John Singer Sargent: the works
Fumée d’Ambre Gris
1880Between the late ‘seventies and early ‘eighties Sargent traveled to Italy, Spain and Morocco seeking inspiration for paintings to show at the Salons. The oriental trend was very much in vogue at the time in academic painting. However, Sargent managed to bring the style of these exotic settings into his personal artistic eclecticism and create a more modern esthetic that already heralded a symbolist concept. The mysterious, lavishly dressed lady is perfuming her clothes with the incense smoking in the brazier.
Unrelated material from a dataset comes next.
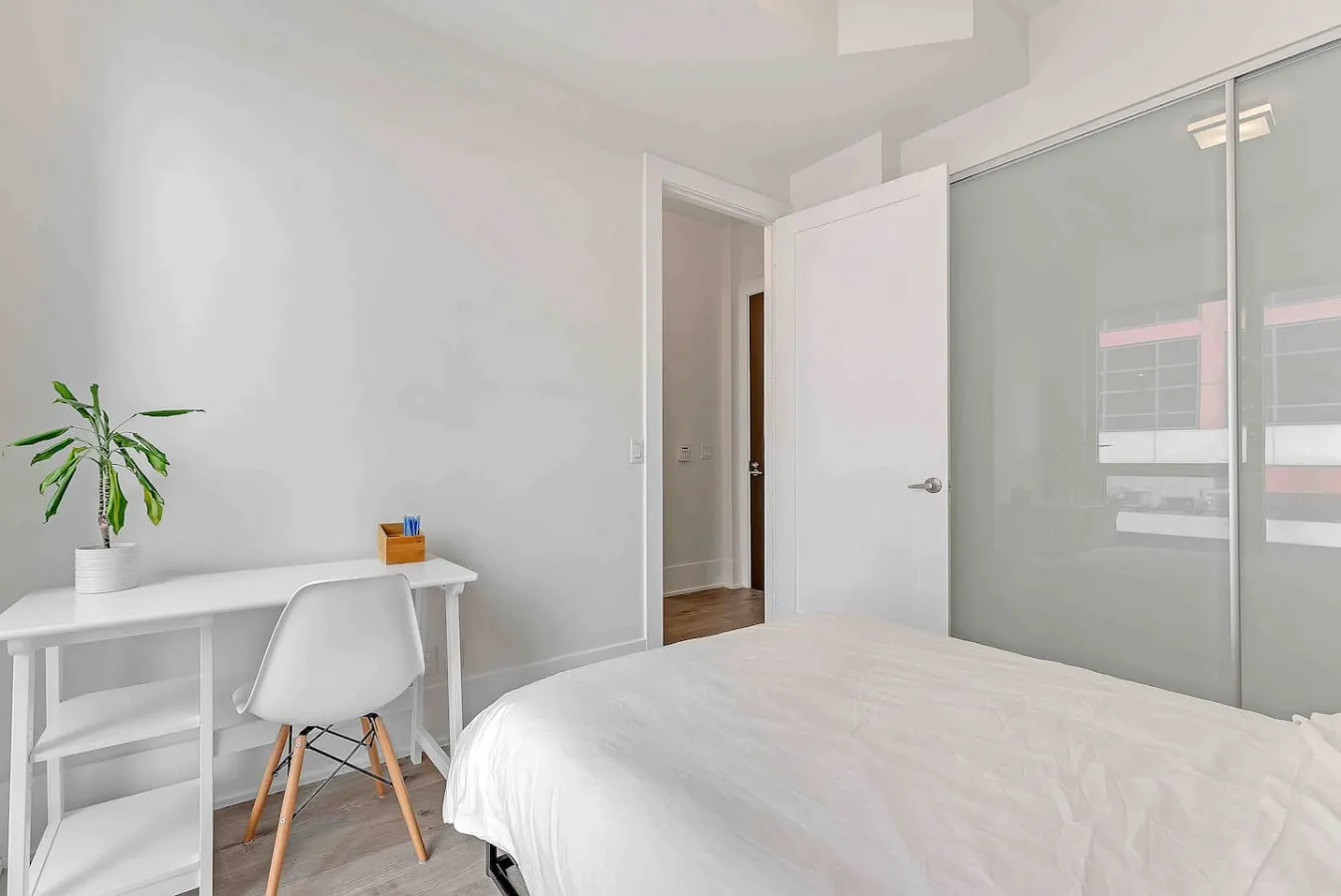 2BR/2BTH Condo Parking CN Tower/Rogers Centre 13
The scene, inspired by a sojourn in Tangiers seems very refined and luxurious its exotic luminosity, with the dominant gray that caresses each form: the woman’s dress, the walls and decorations in the Moorish arch, the silvery tones of the brazier and necklace. This tonal discipline is typical of Sargent’s early stylistic exercises. The paintings from the ‘eighties are, in fact, characterized by a particularly realistic atmosphere created with a limited palette and a prevalence of gray.
Vernon Lee
1882The portrait of the English writer, Vernon Lee, the pseudonym of Violet Paget (1856-1935) a prolific novelist, essayist and critic, that Sargent painted in London between 1881 and 1882 is striking because of its “impression” of frankness and immediacy – quite different from the aristocratic style that the artist would use in the years to come. “A mobile face, sketched as if it were seen en passant with the lips and teeth that seem to meet and separate at the same time, while the background is only half filled – to save time” (A. Gnugnoli). The friendship between the artist and writer dated from the early ‘sixties when their families lived in Nice. Sargent continued to correspond with Vernon Lee in spite of the fact that their personalities and intellectual interests diverged with time. The style of this splendid portrait seems to follow an Impressionistic esthetic because of the modernity of the “cut” and rapid execution that seems to fit with Paul Valéry’s observation that required action on the impression “before it disappeared.”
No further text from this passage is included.